Classy B&B and no class? Big changes to come for the Flying Eagles’ nest.

Brandon Spleens with Anonymous, Writer

After the week of Spring Break, April 18 – 22, students at Woodrow Wilson High School will no longer be attending classes. The reason for this is quite shocking!

Regardless of ditching the rest of the year, all students will  graduate with their honorary high school diplomas. The students’ grade point average (GPA) or overall performance does not determine if he or she will receive their diplomas; the only thing that does determine if a student receives a diploma is if they have attended this school year at Woodrow. At all.

Reports from administration tell us that the reason for this is the school has been sold. According to an anonymous realtor and teacher, the building would be better put to use to stimulate the local economy and will be converted into a bed and breakfast called The Eagle’s Nest. “While I am sad that students will be leaving this school, I am also excited for the new bed and breakfast and the commerce it will bring to the area,” the realtor, who will also be cashing in on a four percent commission, said. 

Edited By Zoe Stewart

Student reactions were mixed. “What now?” asked one student. “Is The Eagle’s Nest hiring?” Said another, more precocious student, “Great! That puts me one step closer to world domination. But, hey, can I keep my 4.48 GPA on my transcripts and will it still be a college preparatory diploma?”
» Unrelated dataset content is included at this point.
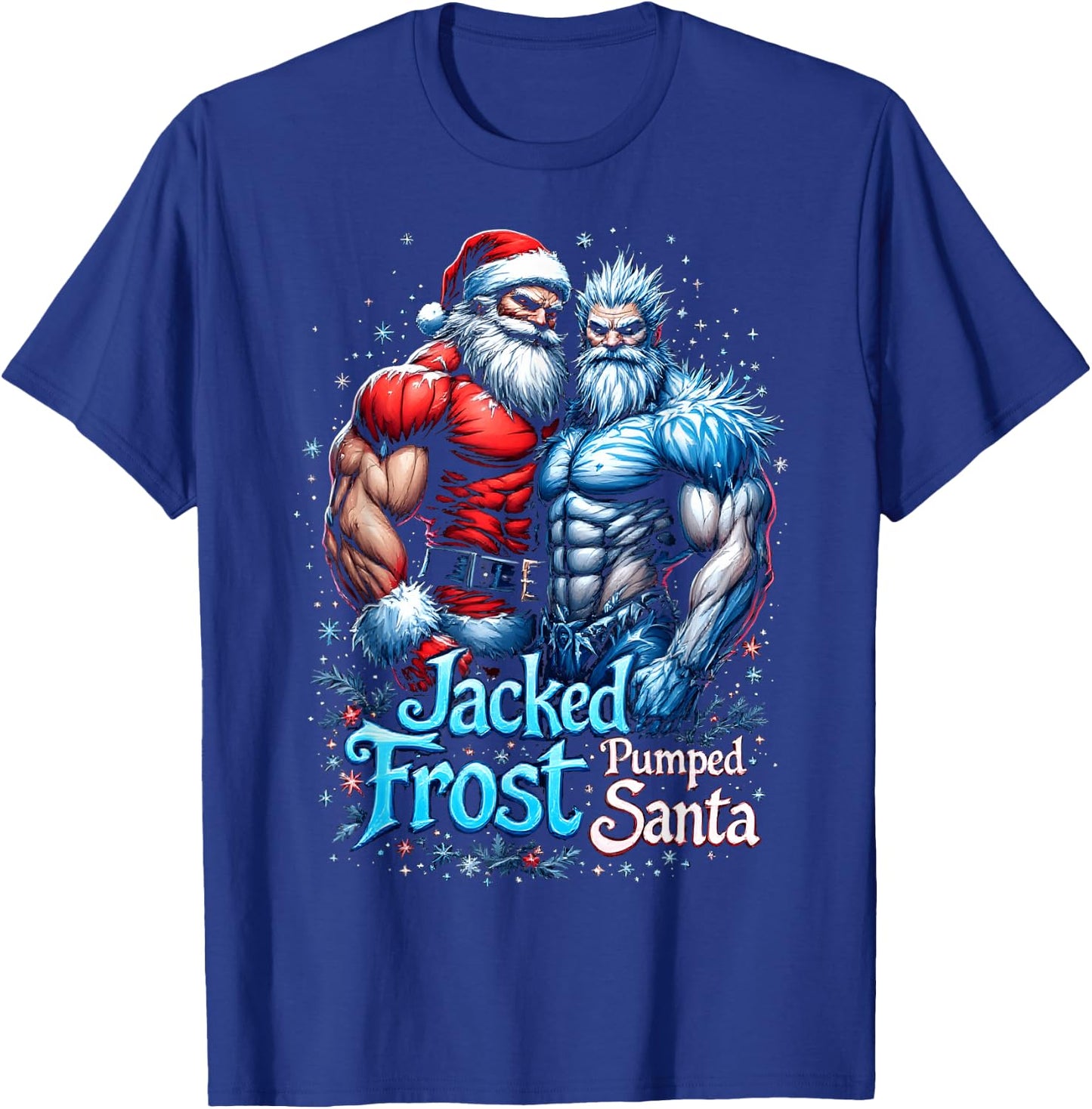 Jacked Frost Pumped Santa Claus Christmas Workout T-Shirt - T-Shirt | Royal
   The school’s janitorial staff and cooks will be offered jobs at the boutique hotel; the chefs, as they will from now on be known, will finally be allowed to fix something besides pizza. There is rumored to be a petting zoo in the works at the hotel; this will serve to re-home the displaced Canada geese that have been seen roaming around the campus and area mud holes since the draining of their pond. An actual cage is planned for any impromptu grudge matches that might arise from former-Eagles-turned-patrons who were used to settling their scores in the restroom. The MMA-certified octagon will be accessorized with a commercial grade hanging bag and wrestling mat. Teachers will be relocated to positions at rival schools such as Independence, Shady Spring and Greenbrier East. They will be forced to sign new contracts agreeing to never again wear maroon, to have three side-gigs max, and they will no longer be allowed to use the restroom or internet inside of any Raleigh County Schools building. Oh, wait. They already can’t do either of those last two with ease.

If you could not tell by now, this is an April Fool’s Day prank from The Eagle Dispatch. We hope that (1) you have a sense of humor and can appreciate satire and (2) that we got you (at least for a while) on this one!